A Better Life Begins With Clarity

“Talent hits a target no one else can hit; Genius hits a target no one else can see.”

~ Arthur Schopenhauer

20-year-old Bobby Fischer played Grandmaster Donald Byrne in chess in 1963. After nearly symmetrical play from the two players, Fischer sacrificed his knight for a pawn. Two grandmasters covering the game said that Fischer’s mistake would give Byrne the win. They were wrong. Fischer’s tactical sacrifice opened up a devastating attack on Byrne, who resigned 11 moves later.

a boy playing chess
Photo by Vlada Karpovich on Pexels.com

Fischer was an all-time great at chess because he saw opportunities that others couldn’t see. His clarity came from a superior understanding of the game. Applied to us, how might we gain the same level of clarity for our lives?

Clarity: A Timeless Attribute, A Modern Challenge

Clarity is derived from the word “clear,” which means having or feeling no doubt or confusion; unambiguous. 

One of the great challenges of life is simply knowing what to do. It’s not like we’re given step-by-step directions on how to live our lives each moment. This is especially obvious after big accomplishments, when we realize that life goes on. At the top of the mountain: “Oh, I guess I need to climb down now.”

We have to make a lot of decisions to make every day. We also have access to a lot of information about different ways to live and countless opportunities around us, and much of it conflicts. Information overload and unlimited options can turn anyone passive if they’re not careful.

When you have no clear objective, it’s easy to “succeed,” because anything qualifies. Facebook browsing, texting, entertainment, eating for pleasure, and sleeping in are all “successful activities” for a person without aim.  

Gaining clarity, however, is worth the effort. The best things in my life have come from having clear objectives: pursuing mini habits, my book and video course projects, my weekly newsletter, and traveling, to name a few. 

“Clarity affords focus.”

– Thomas Leonard

The internet and its drastic increase of both distractions and opportunities have made clarity considerably more difficult to maintain. Here is a simple question you can ask yourself to fight back and maintain clarity!

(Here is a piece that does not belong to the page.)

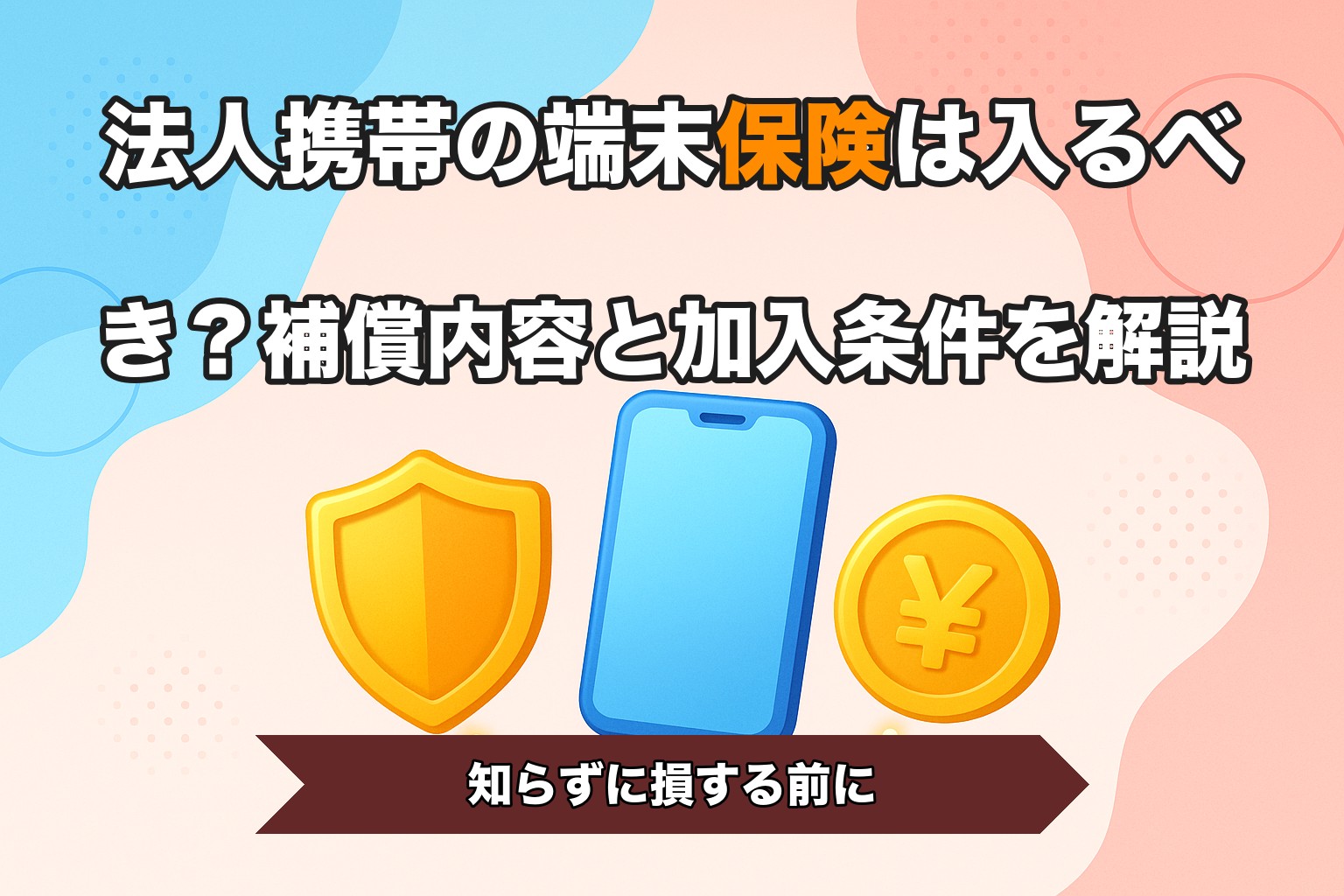 法人携帯の端末保険は入るべき？補償内容と加入条件を解説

A Question to Ask Yourself

“What’s my current objective?”

This question is so good because it flexes to your needs in the moment. Upon hearing this question, you might ask or wonder, “Do I mean in this moment, in this day, in this week, or in the next 10 years?” The answer is YES. It includes all of those, but they won’t all apply at the same time. Your current context and frame of mind will guide you to the correct frame for this question.

Example: You have solid fitness habits, stable finances, and healthy relationships. Good job! What’s your current objective?

Given the stability of your situation, you might be inclined to keep it going, or plan to expand into other areas of interest like new hobbies, taking your health and fitness to the next level, or investing to prepare for retirement.

In other situations, you might be inclined to address short-term needs like where you want to travel next (and how you’ll arrange it), how to improve your diet, or finding a babysitter for Saturday. In yet other situations, like being on vacation, your obvious answer might be to simply relax.

Having clarity means knowing your current objective(s) at all times.

Watching TV is a valid objective, too. This isn’t a push to turn you into a productive and perfect workbot. This is a reminder that living life with purpose and doing things for specific reasons always beats floating from activity to activity without taking a moment to think about what you’re doing and why you’re doing it.

If you decide that you are going to binge watch an entire season of Game of Thrones in one day… good! That’s an intentional choice to relax, take a day off, and recharge. It probably comes from clarity that you need or want a break. But if you end up doing it from boredom… not so good! That’s a passive, shame-inducing, and life-avoiding non-decision. 

How can you tell the difference? One way to know if you’re being intentional with clarity or drifting is that intentional people tend to think like a chess player—at least 3 steps ahead and with integration. Like a good chess player, an intentional person who desires clarity will have plans. Thus, each move you make will make sense in the context of your larger plans.

When you decide to binge Game of Thrones, have at least a barebones idea of why you need or deserve it and what you’re doing the next day. Bingeing Game of Thrones is fine if it’s a part of a larger plan. Remember, Bobby Fischer only sacrificed his knight because it was necessary to execute his larger plan to attack Byrne’s king. Otherwise, he wouldn’t trade the more valuable knight for a mere pawn. In the same way, bingeing a TV show isn’t as fulfilling or important as working on something meaningful, but it might be a helpful or even necessary part of your plan if you need the break!

The big takeaway: All good things start with clarity. I won’t say it’s easy to gain clarity, but it is pretty straightforward and worth spending time and energy to figure it out. Without clarity, you’re a leaf in the wind. With clarity, you’re powerful. Be powerful. Get clear on who you want to be, what you want to do, and how you intend to make it happen. 

Write your thoughts down. Brainstorm ideas on a dry erase board. Sit on your couch and think for a few hours. Do whatever it takes to gain clarity, because that’s where a better life begins.